On top of that, pandemic-related restrictions made life complicated. Marinas were short-staffed and closed earlier than usual, especially the fuel docks. Because it was the fall off-season, many marinas were simply not open. Fewer restaurants were open and those that were had to be reached by taxi or rideshare. Off the boat, we lived in a world of surgical masks. Docks were empty, surreal, and lonely at night, and I walked alone in empty isolation in the cold wind. It was still better than listening to them quarrel.

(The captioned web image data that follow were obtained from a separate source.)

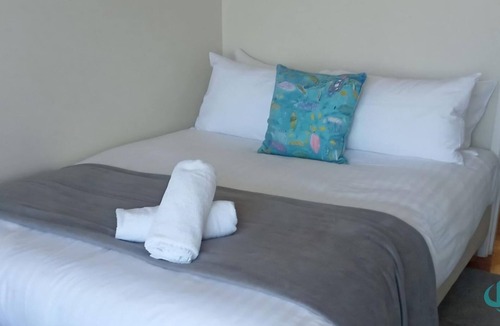 Caves Beach House | Coastal Horizons - short walk to beach with Wifi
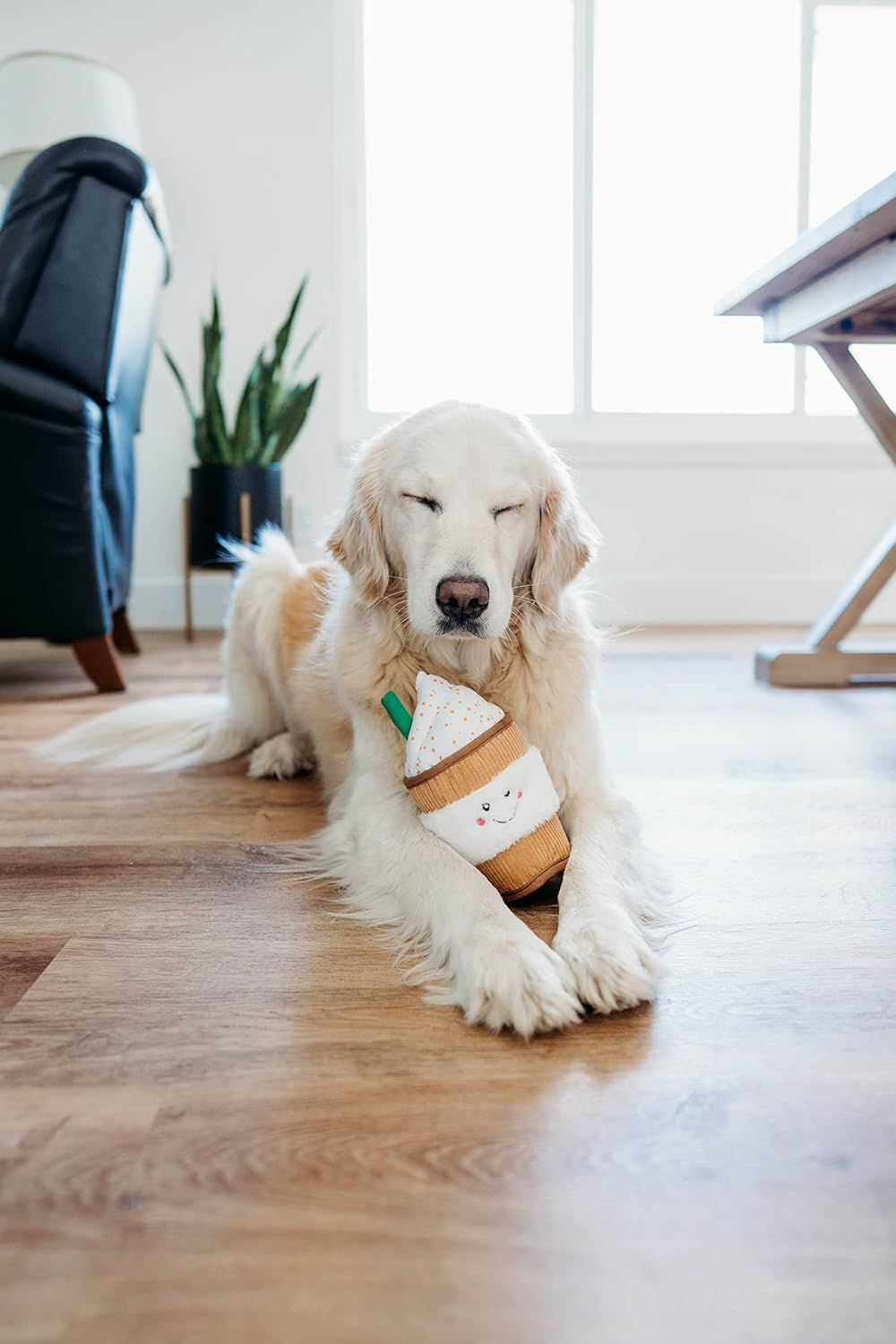 Zippypaws Nomnomz Puppaccino Squeaker Dog Toy, 20.3 X 10.2 X 10.2 Cm Size image number 4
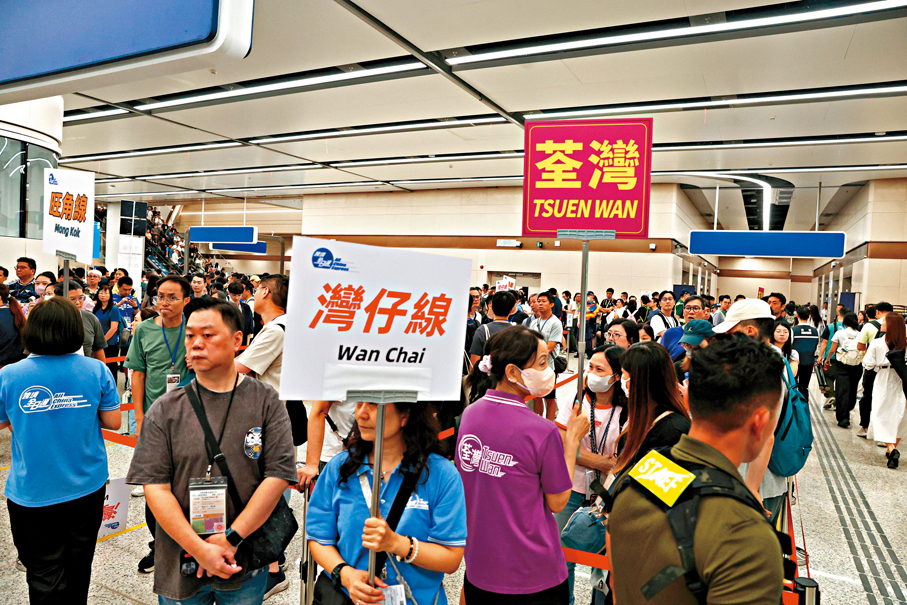 ●公共交通交匯處的交通接駁指示清晰。香港文匯報記者萬霜靈 攝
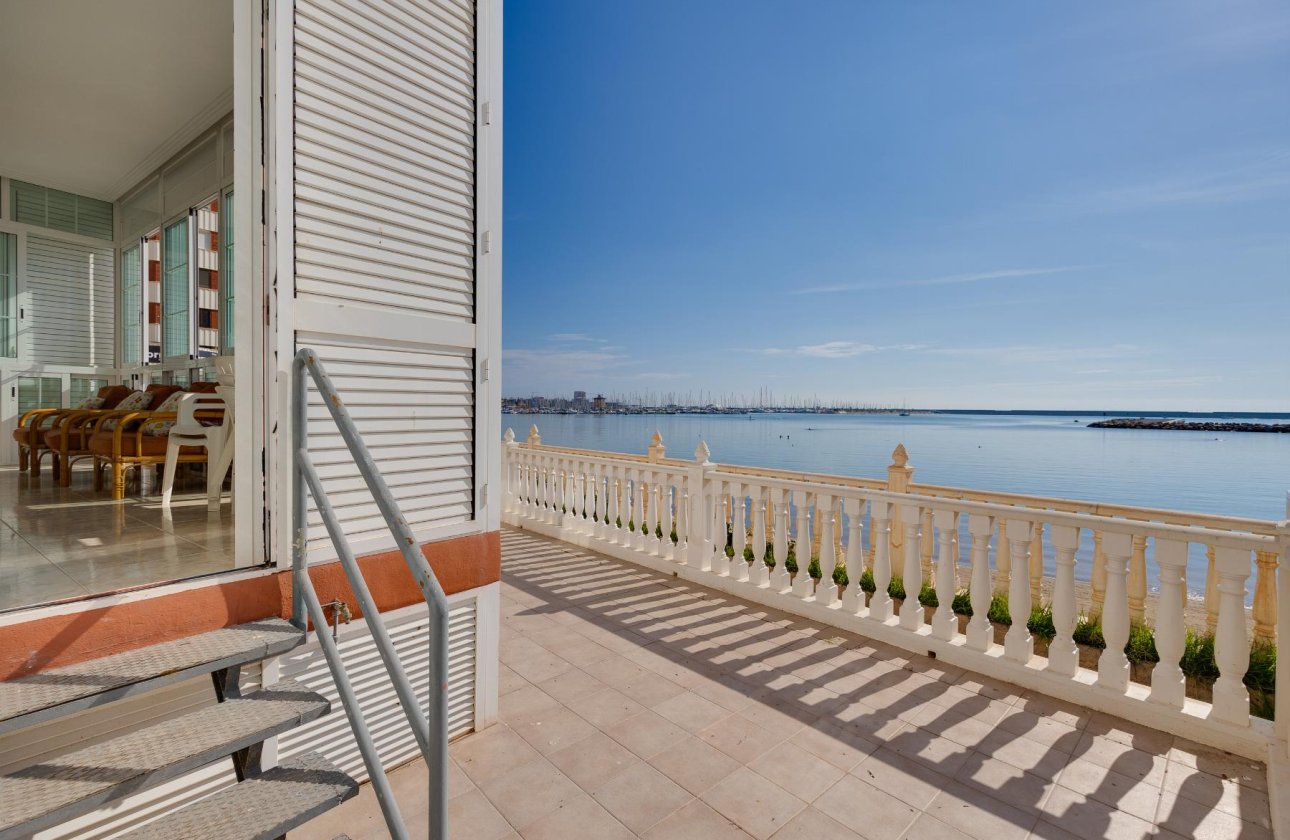 Reventa - Apartamento -
Torrevieja - Playa del Acequión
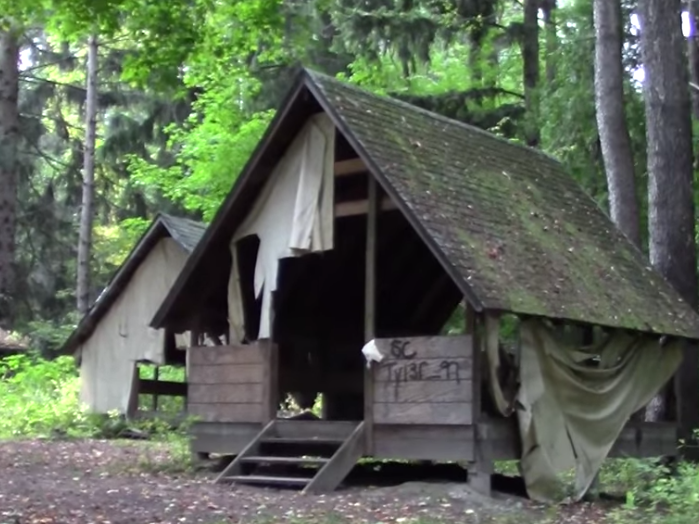 30 photos of abandoned summer camps that will give you the creeps
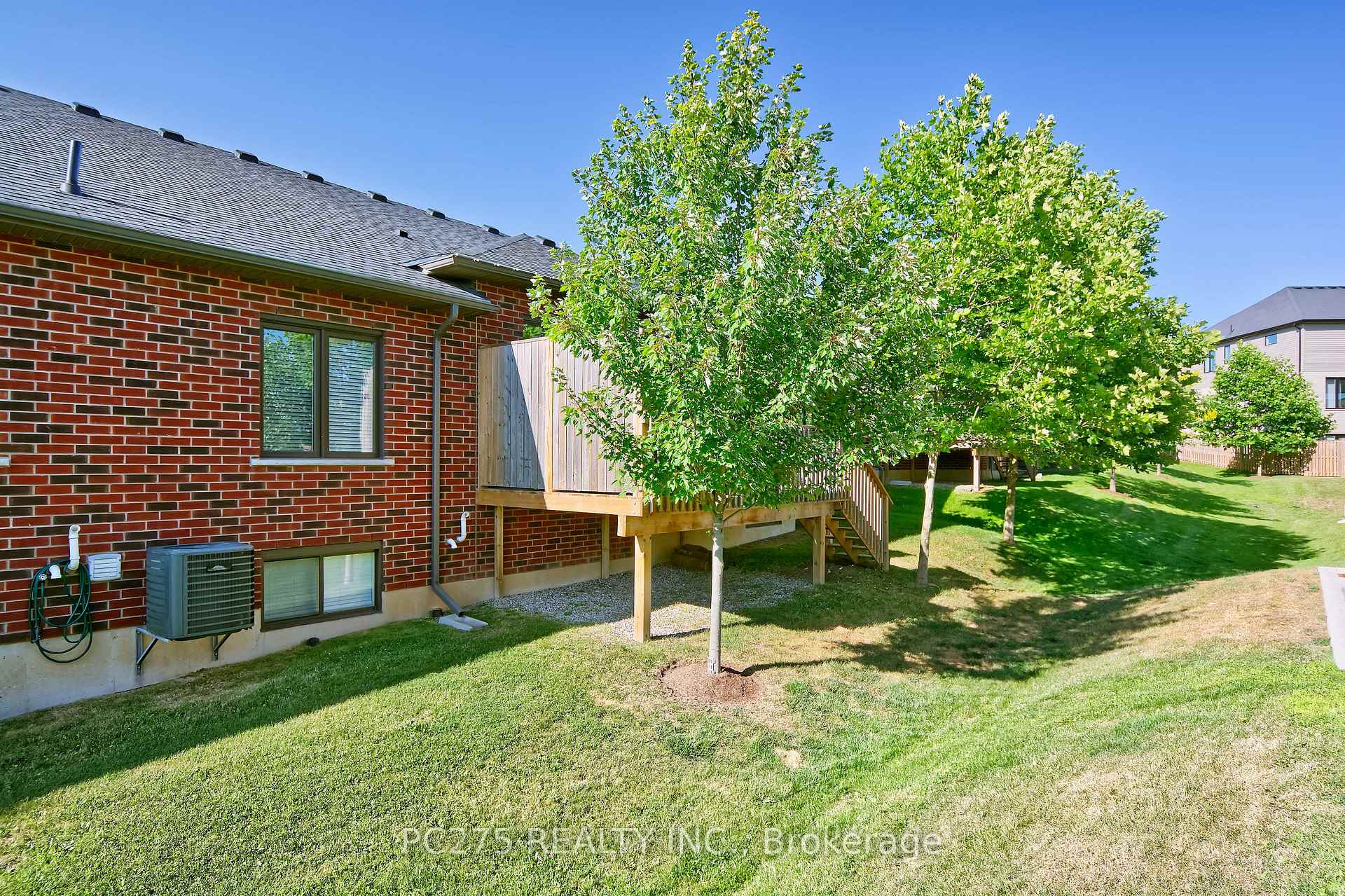 Photo 41 of Unit 10, 2022 Upperpoint Boulevard, London, South B — HOMEH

Now, as I ascended the stairs back into the wheelhouse, I heard Susan call out, “What the hell is that out there in the water?” That got my attention. I looked ahead just in time to grab the wheel away from Steve. It was a black barrel, floating, with the word “DANGER!” painted on it in big block letters, and we were about to run over it. I spun the wheel hard to port to head the boat directly out to sea. We were in 19 feet of water, the beach was much closer than it should have been, and the low swells had turned to steep chop with breaking crests right in our area. I swore.
“What, are we headed away from the shore?” Susan barked, with shrill sarcasm, and with condescending scorn, “I’m not sure I like that!”
I ignored her, remained silent, and kept the boat headed out to sea. Grinning, I inched up the throttles, which seemed to infuriate Susan even more. Steve said nothing. I had learned that his silence usually meant his tacit support for me or at the very least his refusal to get involved.
In a few minutes we were back into deeper water, and I began my explanation. “Close to shore doesn’t mean safety,” I said. “It means danger. We should be out in 40 to 60 feet of water and more, not 19. The Jersey Shore is shallow for a long way out. There are sandbars and fish traps. Besides, the swells get steeper and break as they move into the shallows. It’s a smoother ride out there.” Either subconsciously to please her and get relief from Susan’s constant yapping at him, or for some other reason, Steve had been vectoring closer and closer inshore while I had been trying to figure out what his engines were up to.
Thirty minutes before the sun set, we entered the jetties at Cape May. Dolphins were leaping and playing just off the end of the jetties. I could almost feel my imaginary gold doubloon still in my pocket, thinking I could rub it. A fragment of a reggae song came into my mind, and stuck there; Bob Marley singing, ‘Don’t worry, ‘cause every little thing gonna be alright.’
That night, as I drifted off to sleep in my bunk for the last time in the mirror-still marina slip, I realized that I had learned a few things, but they were mostly a repetition of lessons that I had learned before, on other trips, with other couples. But for Steve and Susan, these new and unexpected lessons were like a hopelessly tangled coil of line, to be carefully sorted out, perhaps. But at least I had done my job well, and besides, I had my doubloon in the form of a check. In the morning, on the parkway, I would point my rental car north and follow the liberating ribbon of tarmac home.